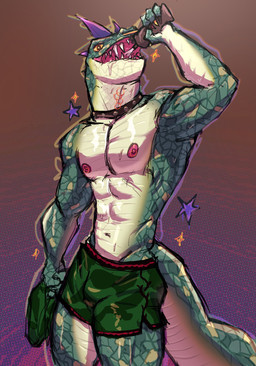 abs anthro bodily_fluids bottle bottomwear clothed clothing collar container drinking drooling facial_piercing green_body green_scales head_spikes holding_bottle holding_clothing holding_container holding_object holding_shirt holding_topwear male multicolored_claws muscular muscular_anthro muscular_male navel neck_piercing nipple_piercing nipple_ring nipples non-mammal_navel non-mammal_nipples nose_piercing nose_ring pecs piercing purple_spikes ring_piercing saliva scales sharp_teeth shirt shorts solo sparkles spikes spikes_(anatomy) sportswear star sweat tail teeth topless topwear ventral_scales yellow_sclera upatroopa goat_(movie) sony_corporation sony_pictures modo_olachenko komodo_dragon lizard monitor_lizard reptile scalie digital_media_(artwork) hi_res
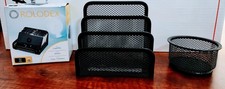 Rolodex Black Mesh Desk Organizer Set Card File Sorter Pencil Cup New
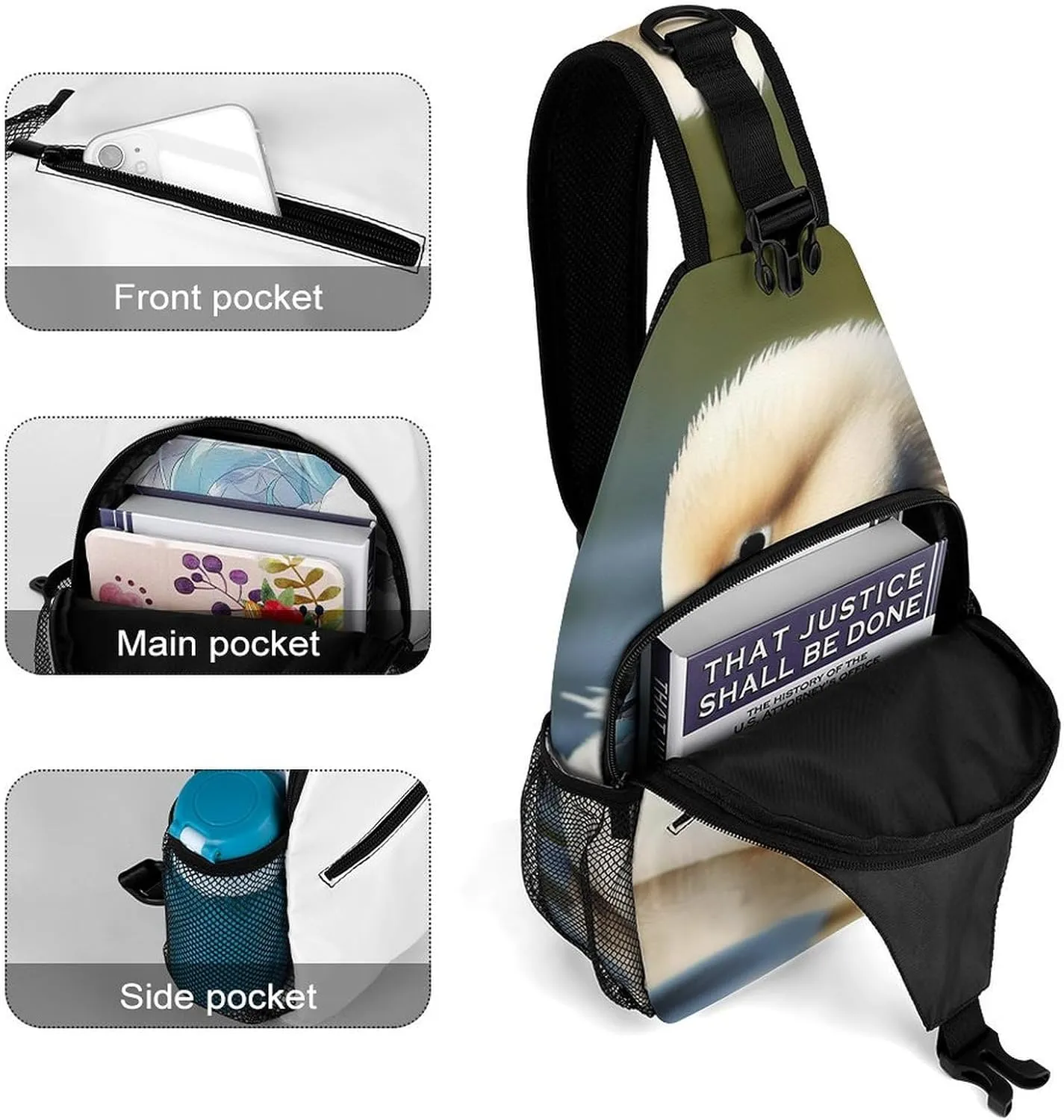 Crossbody Bag for Women Men Chest Bag Cute Sloth Sling Bag Crossbody Shoulder Bag Sling Backpack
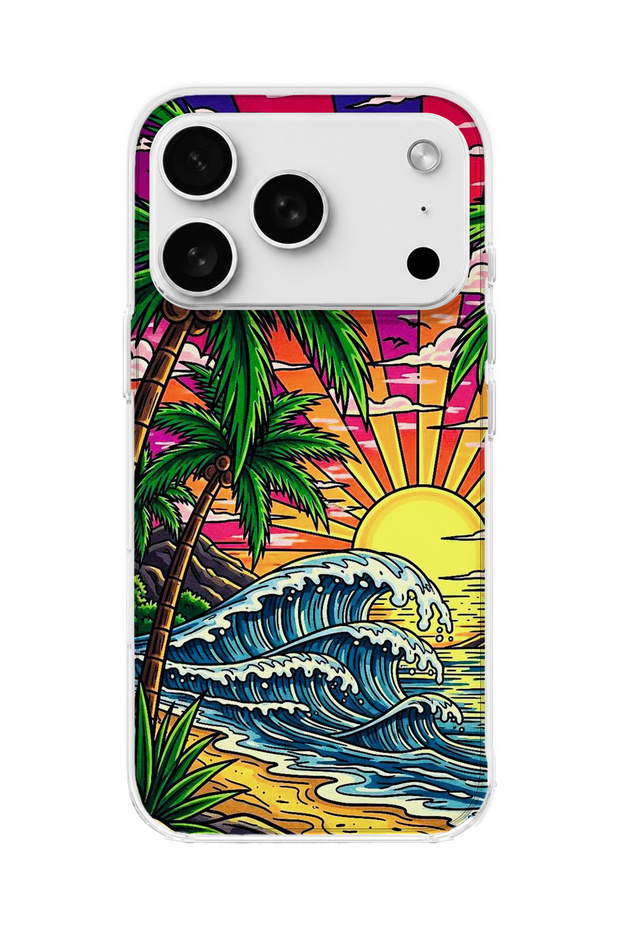 iPhone 18 Pro Compatible Palm Wave Sunset Printed Transparent Phone Case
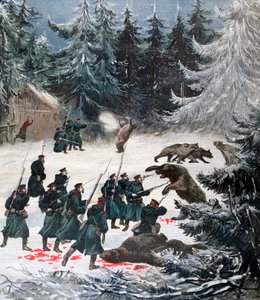 熊袭击，俄罗斯，1892年 作者 亨利·迈耶（Henri Meyer）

◆ ◆ ◆

Assigned task:
The answer must be an exact copy of the lines from the one with "Crossbody Bag for" through the final line above, both ends included, and nothing else; pictures stay out.

Answer for this exercise:
 Crossbody Bag for Women Men Chest Bag Cute Sloth Sling Bag Crossbody Shoulder Bag Sling Backpack
 iPhone 18 Pro Compatible Palm Wave Sunset Printed Transparent Phone Case
 熊袭击，俄罗斯，1892年 作者 亨利·迈耶（Henri Meyer）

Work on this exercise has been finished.